En thérapie 2 su ARTE.TV: il compimento della psicanalisi
Lo psicanalista Philippe Dayan, come sempre interpretato dall’affascinante Frédéric Pierrot, è alle prese con nuove problematiche personali e nuovi pazienti da “salvare”.
Nella seconda serie di En thérapie, visibile sulla piattaforma di streaming gratuito ARTE.TV, ritroviamo il dottore in una veste diversa: sono passati cinque anni, fittizi, dalla prima serie (di cui si può leggere l’articolo qui), e in questo lustro moltissimi sono i cambiamenti che Dayan si è trovato ad affrontare. Un divorzio, quello dalla moglie; un processo, quello che lo vede responsabile etico del suicidio di un suo ex paziente; una pandemia, che ha sconvolto le vite del pianeta Terra, nonché angosciato molti dei pazienti che varcano la porta della sua casa-studio e si siedono sul suo divano per cominciare una terapia.
Un format riuscito
Il format è sempre lo stesso, fedele alla prima stagione e, più in generale, alle numerose varianti di questa fortunata serie televisiva, con una maggiore attenzione narrativa e filmica che ha coinvolto tutti i principali autori della serie, sostenuti da un determinante supporto “tecnico”: trentacinque episodi della durata media di circa trenta minuti, per sei pazienti, se si annovera tra il numero dei pazienti anche lo stesso dottor Dayan.
Anche lui, infatti, esattamente come i suoi nuovi adepti, e per un’esigenza narrativa legata agli sviluppi del processo, forse la parte meno credibile di tutta la serie, comincia una terapia con un nuovo supervisore, la psicanalista lacaniana Claire (interpretata da una meravigliosa Charlotte Gainsbourg). Tra lapsus freudiani, sogni ed incubi di un’infanzia negata quanto nebulosa, lo psichiatra e psicanalista rivela alla sua nuova terapeuta una versione totalmente inedita del suo passato.
Il compimento della psicanalisi
La seconda stagione rivela, con maggiore forza e potenza, gli enigmatici corridoi mentali che legano la vita psichica del paziente a quella del suo terapeuta, senza forzare la trama narrativa in relazioni di transfert che si spingono fino al parossismo, o a gesti estremi dei pazienti (o del terapeuta stesso). Dayan in questa seconda stagione è ancora più maturo, riflessivo, sempre meno impulsivo nel trattamento dei turbamenti dei suoi cinque, diversissimi, casi clinici.

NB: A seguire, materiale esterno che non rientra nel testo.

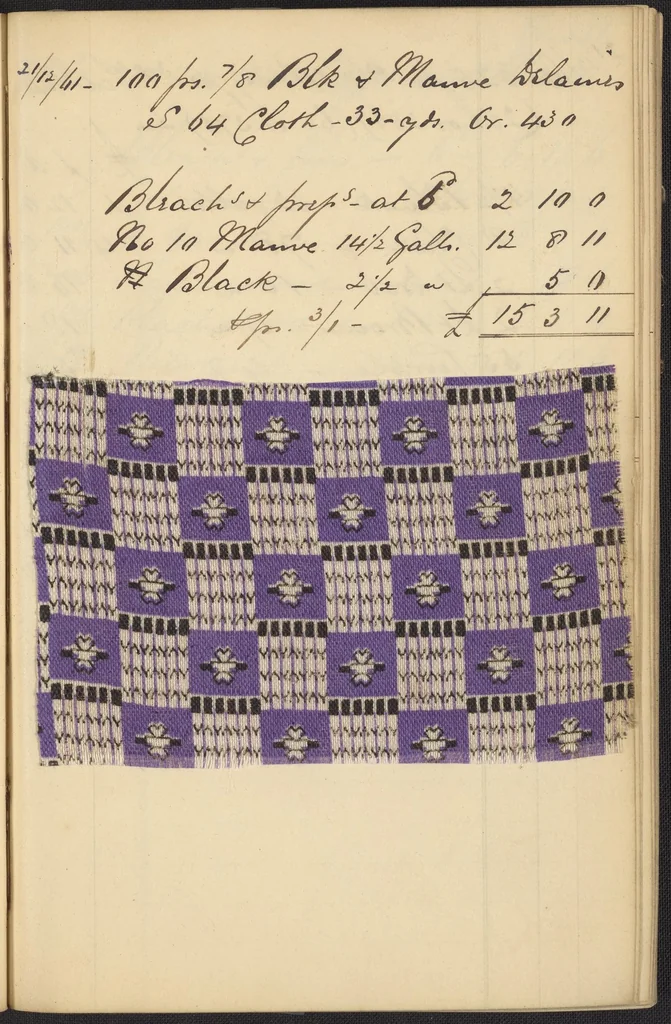 An illustration from Dyer's account book, Volume 2, 1855, leaf 132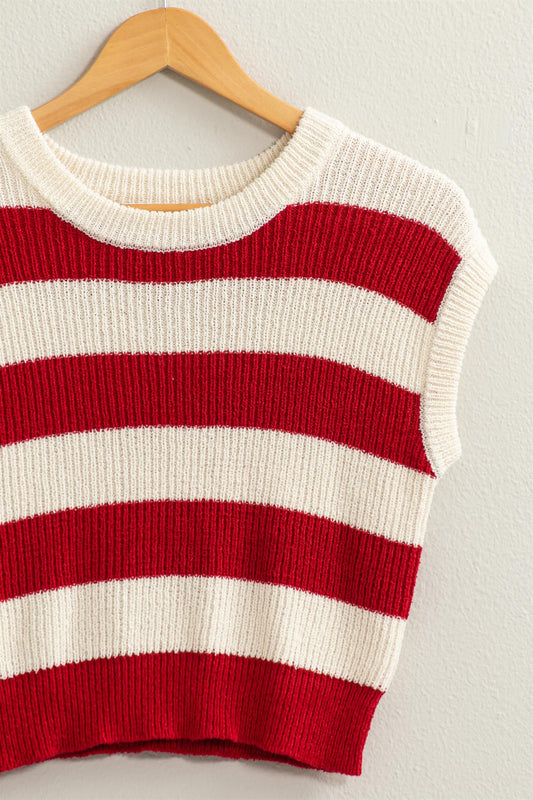 Red/Cream Stripe Sleeveless Sweater Top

Sullo sfondo della pandemia Covid che tuttavia (e, verrebbe da dire, fortunatamente), non prende il sopravvento, la sfilata umana dei suoi pazienti è più che mai variopinta. Di grande impatto emotivo, ed estremamente commovente, la presenza di un giovane pre-adolescente, il figlio della coppia della prima serie, lacerato dal divorzio in corso dei propri genitori, afflitto dal senso di colpa, disgustato dalle sue forme rotonde che lo rendono vittima dei bulli.
Così come, altrettanto toccante, è la presenza di una giovanissima e vitale ragazza, costretta a dover affrontare una terribile malattia, tra la paura della morte, i cambiamenti fisici, la volontà della negazione del male che la divora.
Tutto, in questa seconda serie, è stato perfettamente e millimetricamente studiato per una resa quanto più possibile verosimile di un reale lavoro analitico, sebbene un po’ accelerato. Lavoro analitico che peraltro, e forse per la prima volta, arriva al suo compimento e alla sua sublimazione ultima: quella della separazione del paziente dal suo terapeuta, indicazione tangibile del suo adempimento.